На платформе к ней подходит женщина, одетая в грязное длинное пальто, на голове у нее шляпа с помятым цветком. Алёна решает, что женщина, наверное, бездомная. Бездомная подходит вплотную и начинает говорить, дыша Алёне в лицо. Изо рта у нее неприятно пахнет.

– Помоги мне как матери. Я как твоя мать. Я прожила длинную жизнь, и у меня был любовник, который работал киллером. Он приходил ко мне просто пить чай и рассказывал про свою работу. У меня было много поклонников. Ты понимаешь, женщина должна быть загадочной, красивой. Привлекать мужчин. Я тебя научу как, – нужно делать вид, что тебе немного как будто все равно, но вовремя изображать заинтересованность. И губы надо подкрасить. Ты пока совсем молодая, но помада должна быть у каждой женщины.

– У меня совсем нет денег, – говорит Алёна.

Женщина наклоняется еще ближе.

– Угости тогда меня пирожком, как мать свою.
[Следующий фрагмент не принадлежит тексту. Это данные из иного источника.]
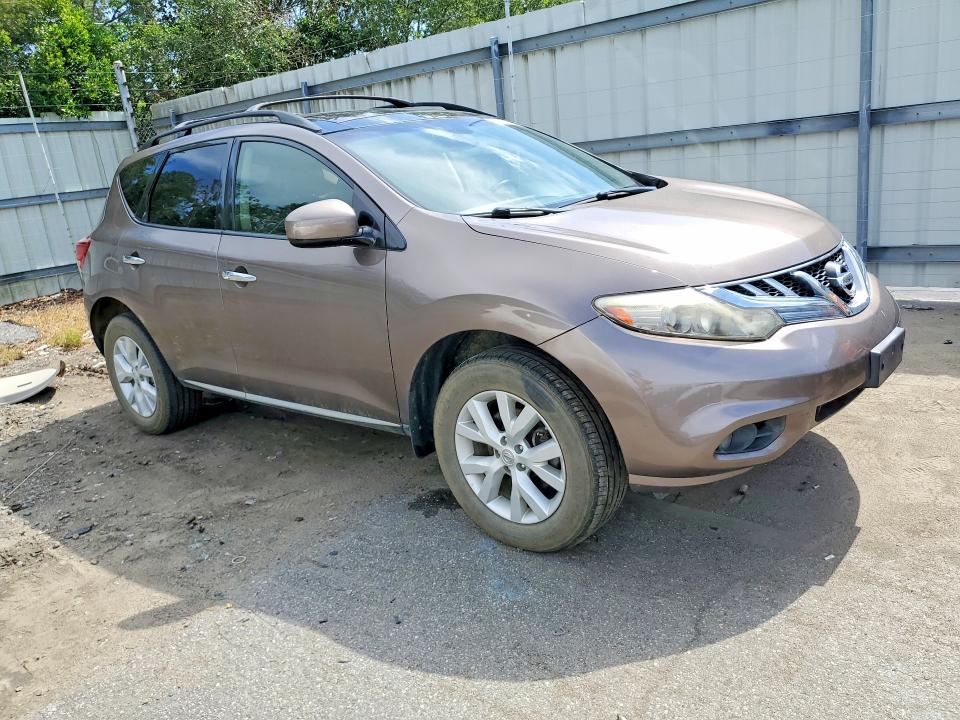 2012 Nissan VIN JN8AZ1MW7CW228419 COPART salvage auction — REAR END, GA - CERT OF TITLE-SALVAGE, sold $750 on 2026-07-27 (photo 4)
Алёна быстро отдает женщине второй пирожок, пытается отстраниться, но только отводит голову в сторону и продолжает сидеть на месте. Женщина стоит рядом и держит пирожок, проходит всего несколько секунд, но они кажутся невыносимыми, и наконец слышен поезд, можно взять рюкзак, встать и пойти к краю платформы. Алёна забегает в поезд, находит свою полку и хочет сразу бежать в туалет, но он пока закрыт или занят, и на нижней полке рядом с ней какой-то очень дружелюбный и разговорчивый дед. Он здоровается – нужно тоже поздороваться, тоже улыбнуться, тоже посмотреть на него, раз он на нее смотрит. Дед рассказывает, что он едет к семье сына, очень давно их не видел, очень рад.
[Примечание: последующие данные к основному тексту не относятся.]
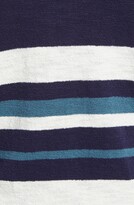 Thumbnail for your product : Club Monaco Stripe Zip Front Boucle Cardigan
Пусть он прекратит, пожалуйста. Пусть это просто закончится. Мне просто нужно положить сумку и пойти в туалет. Мне тесно, мне больно, мне нужна пустота.
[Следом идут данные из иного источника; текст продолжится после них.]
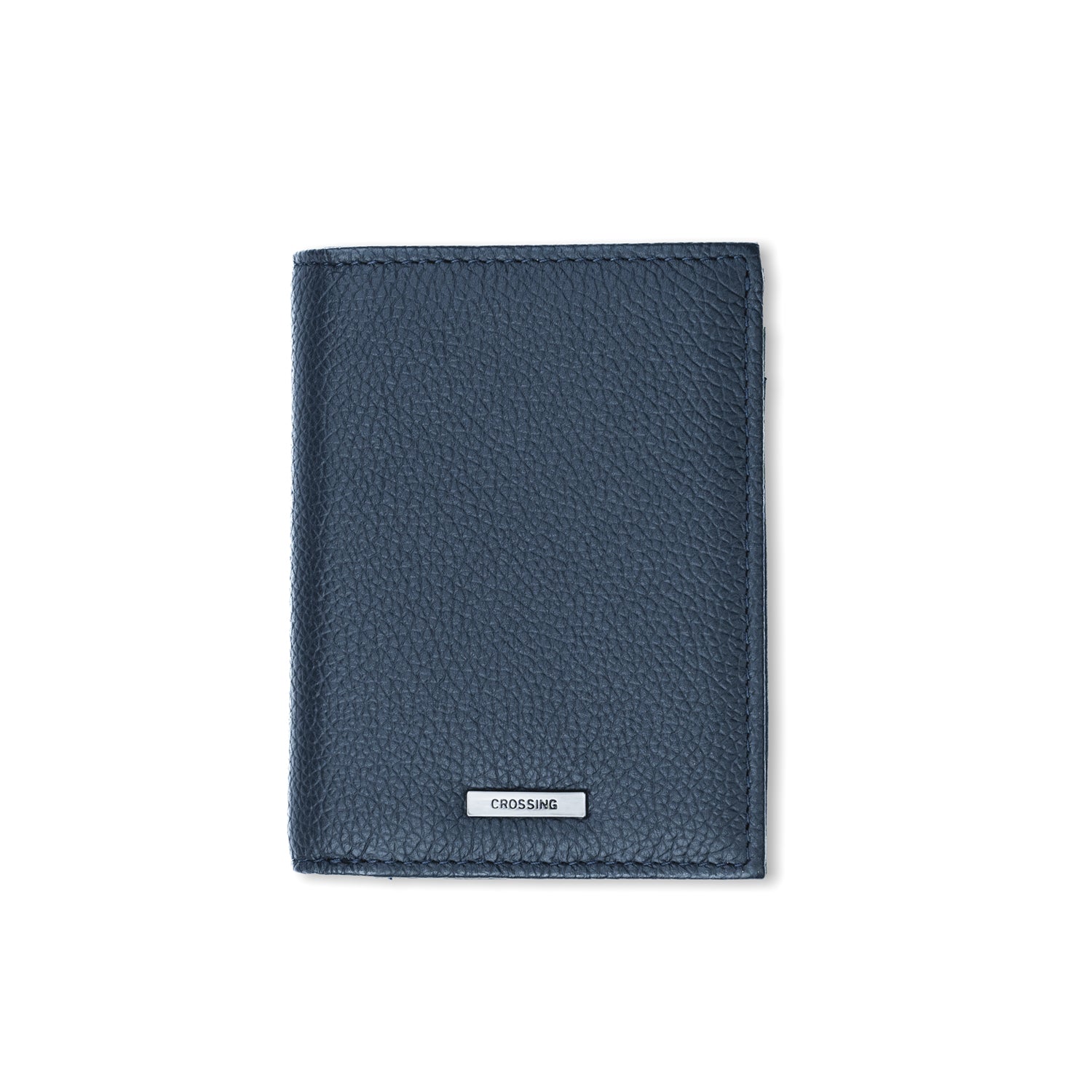 Crossing Milano Voyager Short Bi-Fold Wallet With Coin Pouch RFID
Алёна выходит из туалета. В голове никаких мыслей, тревога прошла. Она чувствует приятную пустоту и легкость. Ничего не думает. Возвращается к своей верхней полке в плацкарте, на которой уже успела развернуть матрас и расстелить простыню, пока разговаривала с дружелюбным дедом. Теперь он ее уже не раздражает, но он ничего уже и не говорит – лег на свою нижнюю полку, накрылся одеялом и спит. Алёна забирается наверх и накрывается пододеяльником. Она закрывает глаза. Ей хорошо. Но уже начинают появляться первые неприятные ростки мыслей о том, сколько она будет весить, когда приедет, когда можно будет встать на весы, – если мама будет дома, то не сразу. О том, что Антона пока нет в городе, – она уехала из лагеря на несколько дней раньше, а если бы продержалась, то он бы ее встречал, а не она его. О том, как они снимут квартиру и переедут, и тогда она будет пить кефир и покупать замороженные овощи в пакетах, ходить на пары, устроится на работу. А котлеты делать не будет. И еще не будет, как в прошлом году, возвращаясь с пар, всю поездку в метро собирать мелочь по карманам, заходить в ларек на выходе из метро и говорить: «Здравствуйте. Можно мне, пожалуйста, галет с сыром на восемь рублей».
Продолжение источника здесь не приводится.